→ Activity
Take every line of the material below that includes the string "from" and copy it out.

(Material shown begins)

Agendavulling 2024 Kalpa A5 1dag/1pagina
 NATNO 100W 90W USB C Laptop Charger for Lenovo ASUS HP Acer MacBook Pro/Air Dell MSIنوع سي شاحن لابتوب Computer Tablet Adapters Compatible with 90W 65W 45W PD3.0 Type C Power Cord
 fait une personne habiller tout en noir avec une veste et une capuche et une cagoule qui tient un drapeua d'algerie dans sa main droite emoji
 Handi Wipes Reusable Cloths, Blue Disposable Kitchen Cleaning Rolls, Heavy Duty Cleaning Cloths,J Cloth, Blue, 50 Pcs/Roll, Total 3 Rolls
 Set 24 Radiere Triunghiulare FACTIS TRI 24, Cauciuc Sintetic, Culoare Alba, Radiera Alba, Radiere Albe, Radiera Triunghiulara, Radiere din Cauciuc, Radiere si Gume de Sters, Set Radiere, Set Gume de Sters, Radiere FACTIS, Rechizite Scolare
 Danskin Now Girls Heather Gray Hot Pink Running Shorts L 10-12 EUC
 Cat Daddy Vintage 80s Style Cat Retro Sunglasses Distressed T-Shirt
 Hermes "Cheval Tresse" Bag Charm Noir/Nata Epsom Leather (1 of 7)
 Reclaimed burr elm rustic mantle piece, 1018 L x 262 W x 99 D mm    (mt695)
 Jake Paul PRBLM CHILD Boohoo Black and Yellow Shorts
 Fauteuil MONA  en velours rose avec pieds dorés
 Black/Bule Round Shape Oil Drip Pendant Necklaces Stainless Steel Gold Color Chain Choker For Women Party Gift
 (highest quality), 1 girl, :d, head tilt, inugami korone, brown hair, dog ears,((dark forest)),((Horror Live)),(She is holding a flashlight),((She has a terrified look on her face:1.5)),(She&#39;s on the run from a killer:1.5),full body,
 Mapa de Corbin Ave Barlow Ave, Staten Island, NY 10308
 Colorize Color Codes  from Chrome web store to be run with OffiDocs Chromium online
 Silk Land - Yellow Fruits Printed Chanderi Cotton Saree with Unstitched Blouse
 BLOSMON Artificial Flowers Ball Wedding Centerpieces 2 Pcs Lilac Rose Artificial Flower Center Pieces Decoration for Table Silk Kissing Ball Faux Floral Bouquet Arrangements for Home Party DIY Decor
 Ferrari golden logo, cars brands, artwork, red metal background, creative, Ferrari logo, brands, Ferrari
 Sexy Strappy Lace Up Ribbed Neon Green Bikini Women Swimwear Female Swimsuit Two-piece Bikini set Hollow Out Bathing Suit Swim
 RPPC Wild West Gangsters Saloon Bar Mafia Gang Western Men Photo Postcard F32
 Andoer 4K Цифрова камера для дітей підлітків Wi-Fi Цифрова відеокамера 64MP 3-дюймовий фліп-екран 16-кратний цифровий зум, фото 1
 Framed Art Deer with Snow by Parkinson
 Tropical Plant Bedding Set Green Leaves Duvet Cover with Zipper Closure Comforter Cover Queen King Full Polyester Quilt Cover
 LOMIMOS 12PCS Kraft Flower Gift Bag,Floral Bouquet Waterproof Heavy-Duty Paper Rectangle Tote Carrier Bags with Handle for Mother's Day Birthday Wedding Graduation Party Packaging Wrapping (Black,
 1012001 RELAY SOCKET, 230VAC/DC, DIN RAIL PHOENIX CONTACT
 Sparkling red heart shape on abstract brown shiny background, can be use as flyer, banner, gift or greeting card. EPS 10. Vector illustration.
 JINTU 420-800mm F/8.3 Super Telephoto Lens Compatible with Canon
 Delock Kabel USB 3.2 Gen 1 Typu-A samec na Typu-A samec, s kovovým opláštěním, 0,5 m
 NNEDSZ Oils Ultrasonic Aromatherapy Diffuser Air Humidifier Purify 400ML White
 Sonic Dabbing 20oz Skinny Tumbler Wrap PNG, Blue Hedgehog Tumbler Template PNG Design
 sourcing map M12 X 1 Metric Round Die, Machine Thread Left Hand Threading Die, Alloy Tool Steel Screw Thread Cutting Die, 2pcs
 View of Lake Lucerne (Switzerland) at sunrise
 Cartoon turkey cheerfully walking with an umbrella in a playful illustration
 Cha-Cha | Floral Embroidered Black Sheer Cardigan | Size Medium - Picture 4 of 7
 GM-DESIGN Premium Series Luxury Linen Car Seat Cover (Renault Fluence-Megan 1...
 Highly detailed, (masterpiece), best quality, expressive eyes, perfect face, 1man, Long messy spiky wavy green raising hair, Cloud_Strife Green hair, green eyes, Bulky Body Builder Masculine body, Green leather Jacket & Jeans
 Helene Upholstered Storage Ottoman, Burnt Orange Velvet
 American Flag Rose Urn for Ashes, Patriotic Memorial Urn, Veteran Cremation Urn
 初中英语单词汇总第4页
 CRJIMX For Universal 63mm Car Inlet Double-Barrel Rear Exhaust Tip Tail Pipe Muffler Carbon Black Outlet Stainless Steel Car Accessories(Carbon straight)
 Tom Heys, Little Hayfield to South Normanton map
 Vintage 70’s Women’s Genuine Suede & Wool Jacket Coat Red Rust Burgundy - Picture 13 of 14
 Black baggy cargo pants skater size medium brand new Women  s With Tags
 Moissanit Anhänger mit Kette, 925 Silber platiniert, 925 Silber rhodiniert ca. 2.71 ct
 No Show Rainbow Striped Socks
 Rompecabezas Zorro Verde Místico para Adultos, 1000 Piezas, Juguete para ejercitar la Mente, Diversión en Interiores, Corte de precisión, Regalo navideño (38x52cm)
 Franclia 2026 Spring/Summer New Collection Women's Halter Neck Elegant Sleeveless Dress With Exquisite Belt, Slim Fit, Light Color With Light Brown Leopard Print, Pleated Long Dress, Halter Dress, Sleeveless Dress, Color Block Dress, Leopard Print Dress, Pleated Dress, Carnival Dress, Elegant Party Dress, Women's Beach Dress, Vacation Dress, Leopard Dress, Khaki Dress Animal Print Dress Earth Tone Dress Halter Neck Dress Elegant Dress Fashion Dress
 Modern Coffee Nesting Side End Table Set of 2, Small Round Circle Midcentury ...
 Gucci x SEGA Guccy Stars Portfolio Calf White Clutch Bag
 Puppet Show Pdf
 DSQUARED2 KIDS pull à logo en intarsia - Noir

(Material shown ends)

→ Exercise response
 (highest quality), 1 girl, :d, head tilt, inugami korone, brown hair, dog ears,((dark forest)),((Horror Live)),(She is holding a flashlight),((She has a terrified look on her face:1.5)),(She&#39;s on the run from a killer:1.5),full body,
 Colorize Color Codes  from Chrome web store to be run with OffiDocs Chromium online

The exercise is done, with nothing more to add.